I would try a different lead source. I work with a guy that is into marketing online. He's awesome managing adwords and social media and working to get a lead website ranked in google organically and on google maps. I've been working for him for 3 weeks and he's gotten me about 25 leads with 16 of them signing a contract. I'm really concerned that I won't have the capacity to handle all of the extra work that I've been getting, but this is what I've dreamed about.


----------



## TNTRenovate (Aug 19, 2010)

I live in the Chicagoland area, Naperville. Business is a boomin'.

I am booked till September and looking further out. I am charging more than I ever have. My mark up is around 40%.

Best lesson is to market to the clients you want, which are the ones that will pay you what you want to make. I started charging based on that thinking and have never looked back. People who have money know other people who have money and live in neighborhoods with people who have money.
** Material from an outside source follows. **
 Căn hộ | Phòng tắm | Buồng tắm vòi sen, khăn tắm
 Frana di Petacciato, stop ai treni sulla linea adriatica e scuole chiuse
What you have learned is that you are pricing yourself out of people who won't or can't pay you what you want. Now take those prices else where. Get a good website, 5 star Yelp reviews and start using your business cards.


----------



## GO Remodeling (Apr 5, 2005)

People who have money know other people who have money and live in neighborhoods with people who have money.
.[/QUOTE]

My "birds of a feather" theory. My other theory is that there is one person in a group that is an outlier. That person is known to be the one that won't let you make any money on their job.


----------



## heavy_d (Dec 4, 2012)

And once in a while you will find a golden nugget client who will refer you continuously and make you lots of money!


----------



## real clean now (Jun 25, 2016)

I found a bunch of my trash customers all had things in common and all my good customers had things in common. it wasn't typical things like ones a lawyer and ones a grocery bagger. It was more things like this one pays with AMEX And this one wants bill pay or this one has a green egg and this one buys BBQ. One only bought $12 6 packs of beer vs one only drank natty Ice. Once you find a couple of the things that the majority of your good customers have try marketing in areas where they sell those items. Your services will be associated with those types of choices that that type of consumer is buying.


----------